As European corporations continue to look at securitization for funding, there has been growing interest in inventory-backed structures, kicking off what could be a trend in coming years, said analysts at Moody's Investors Service.
"We have noticed over the last two years a growth of inventory securitizations in Europe since the first transaction, the well-publicized Marne et Champagne deal, launched in 2000," said Carole Gintz Yomtov, associate analyst at Moody's. "The success of these transactions signals a nascent receptiveness of the concept among the corporate sector as an alternative source of financing.
Moody's anticipates potential growth in the inventory securitization area within the ABS sector over the coming years. "But this technique is rather complex and demanding, as it requires the seller to have adequate operational procedures consistent with the structural and legal features of the transaction," Yomtov added. "This could explain the timing of completion, which is usually longer than the one of a more classical ABS transaction."

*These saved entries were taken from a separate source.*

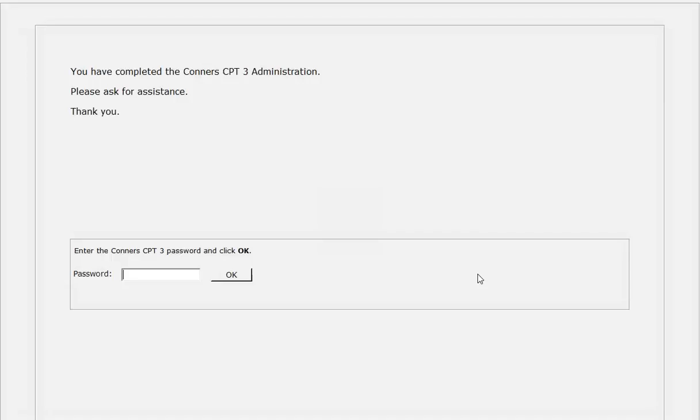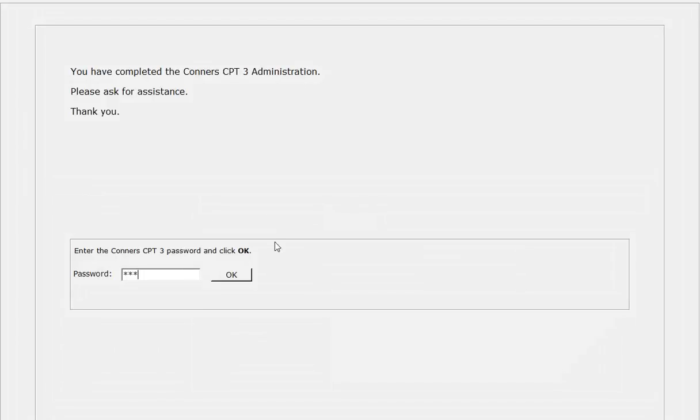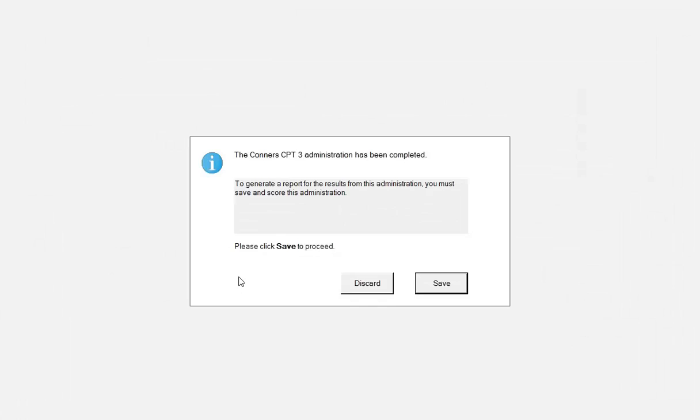Once the administration is completed, the program advises the respondent that they have completed the assessment and to please ask for assistance. The administrator then enters a password to proceed back to the Connors CPT-3 software main menu. At this point, you would choose to either discard or save the assessment that has just been completed.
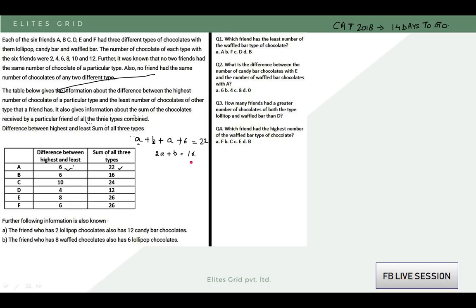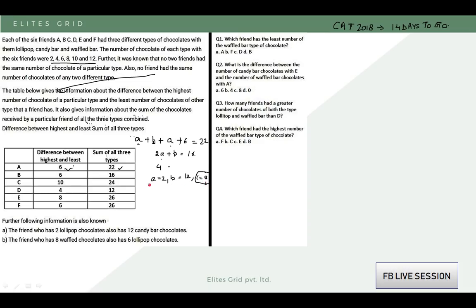Now let's check what values of a and b are possible. A is the minimum value, b is the second number, and a plus 6 is the highest value. Let's see if a can be 2 — the c value should be the highest, meaning a plus 6. But a being 2 is not possible.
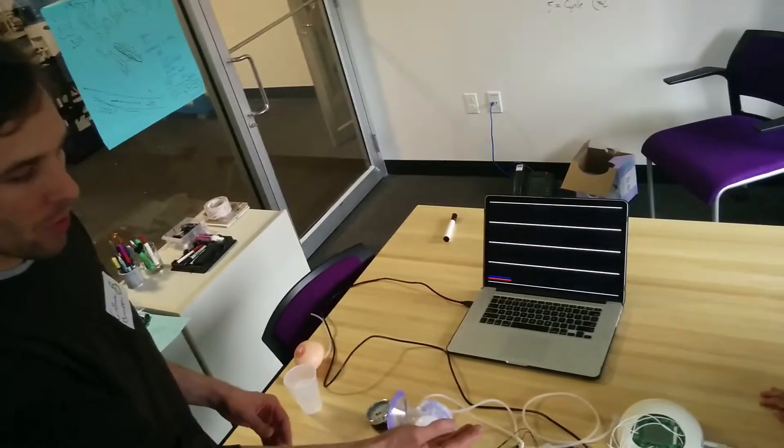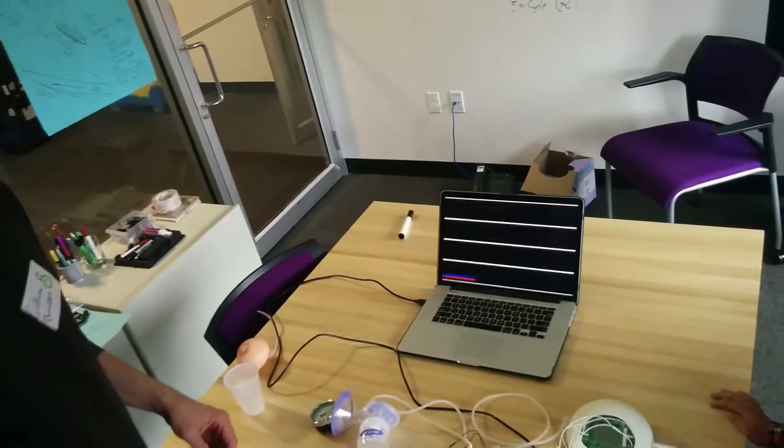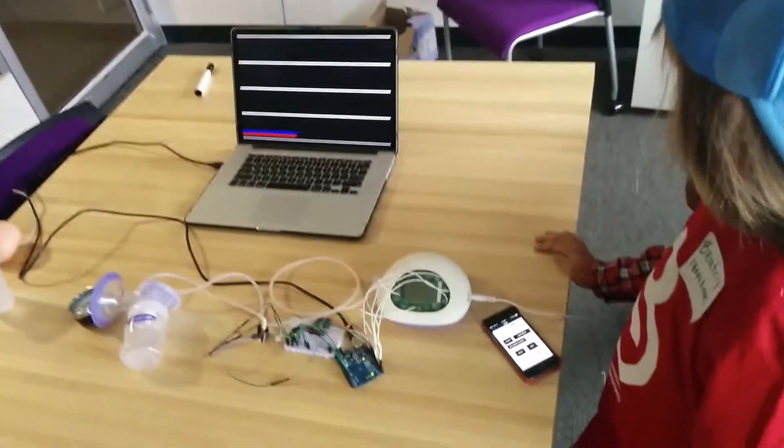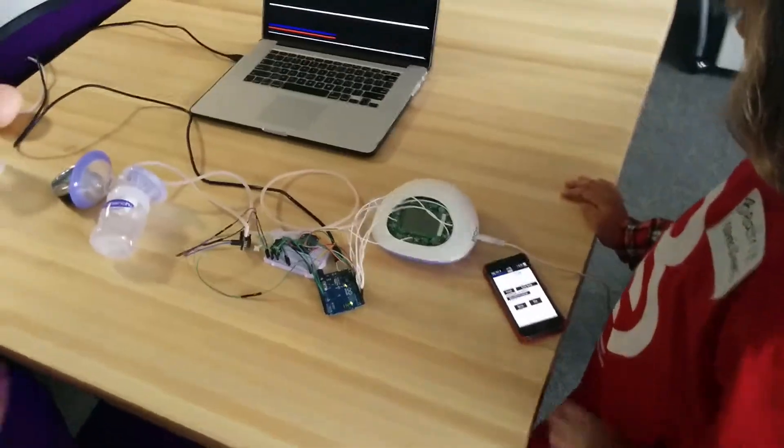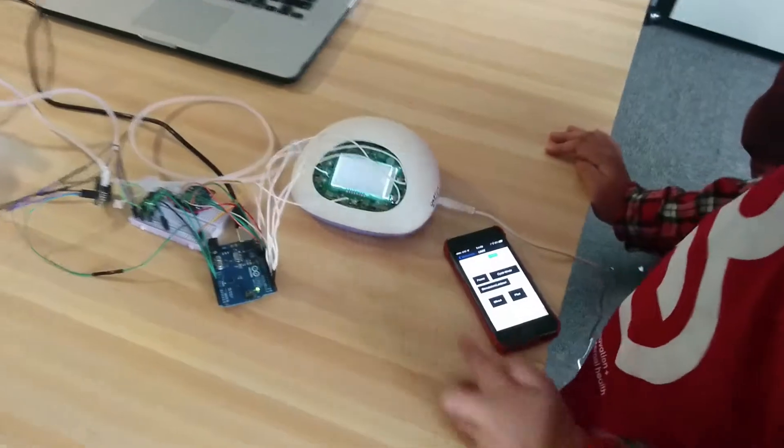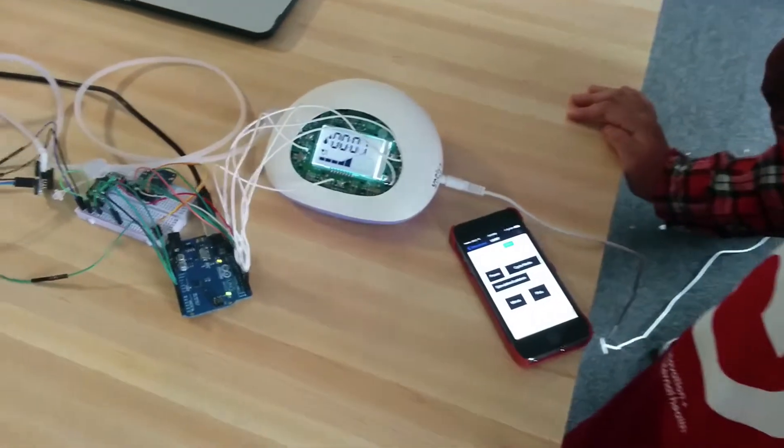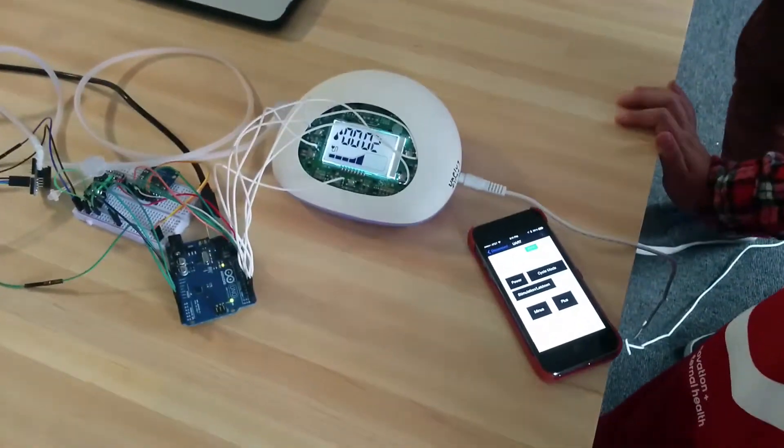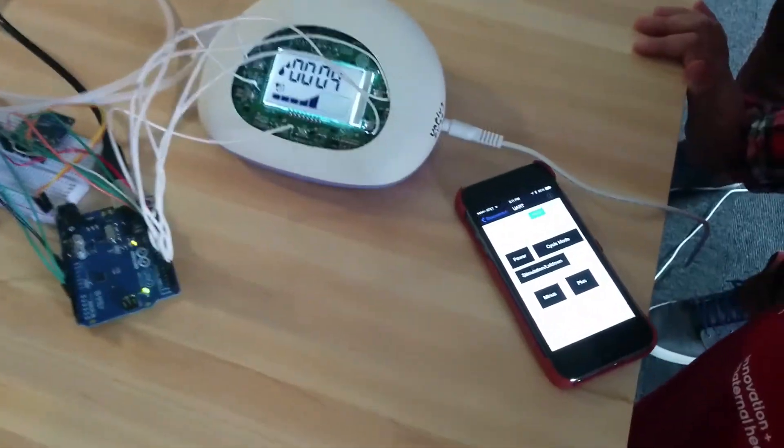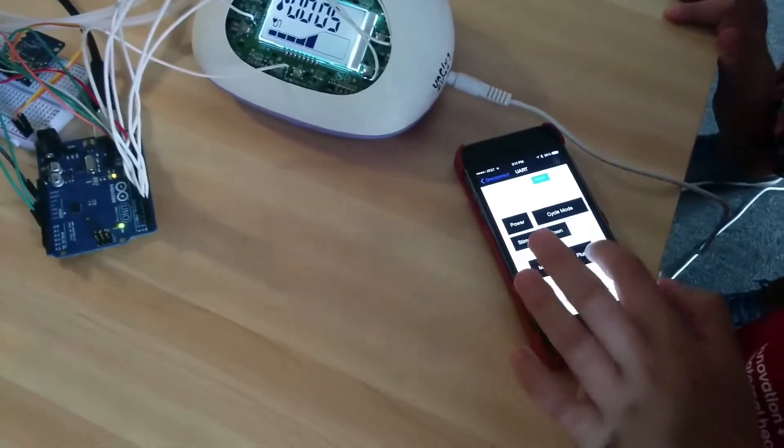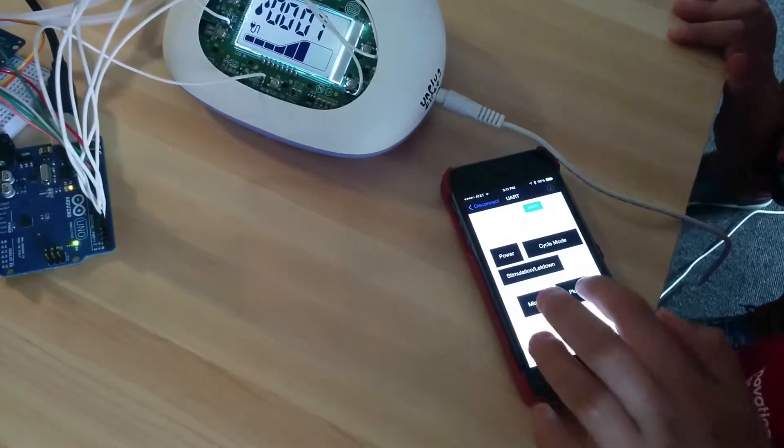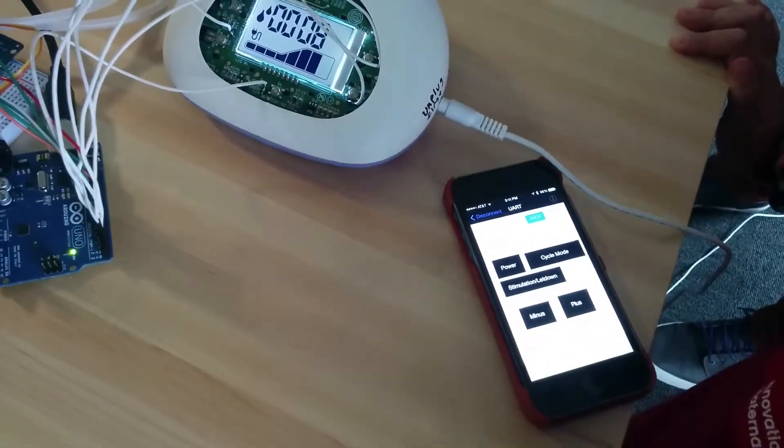The first thing we're going to show you is how we can turn the pump on remotely with the smartphone. First we power on the pump, and then we can adjust the speed and power settings.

To date there have been a handful of these transactions completed that include: Belgium originated Rosy Blue Carat backed by an inventory of diamonds; French-originated Cote des Noirs backed by an inventory of champagne from group Delbeck Bricourt Martin; and one previous French transaction backed by champagne inventory from group Marne et Champagne.
And while luxury goods have recently dominated the market, Yomtov said that there might be opportunity for other assets to enter in the mix. "We are regularly contacted by other companies that include different commodities like metal, steel - commodities that are good because they can be properly stored," she said.
However, perishable goods, such as dairy products, would not be considered durable goods and therefore is an inappropriate inventory asset class, Yomtov said.
According to a Moody's report, the outstanding inventory securitizations have been successful in part because they are associated with assets that characteristically maintain or increase in value over time.
Along with durability, it is important for there to be an organized open market and secondary market, such as the Antwerp Diamond Index or the Champagne Open Market. These markets should be regulated, and generally be difficult for new competitors to enter, which helps to ensure liquidity and tradability of the inventory.
Moody's uses the "borrowing base" in its structural analysis, which gives an indication of the overcollateralization built into the deal. Obviously, to receive the desired rating, the note amount issued needs to be discounted to the value of the inventory over time, providing the appropriate credit protection to the investor. The borrowing base, said Yomtov, can either be a fixed unit of inventory or a percentage of the current value of the inventory unit.
Moody's will focus on the variation of the value of the inventory on a long-term basis for a fixed amount borrowing base, where the issued amount per unit is fixed regardless of the value. Conversely, Moody's will also look at the short-term volatility of this value for a fixed percentage borrowing base, where the issued amount is adjusted to keep a constant discount with the inventory value.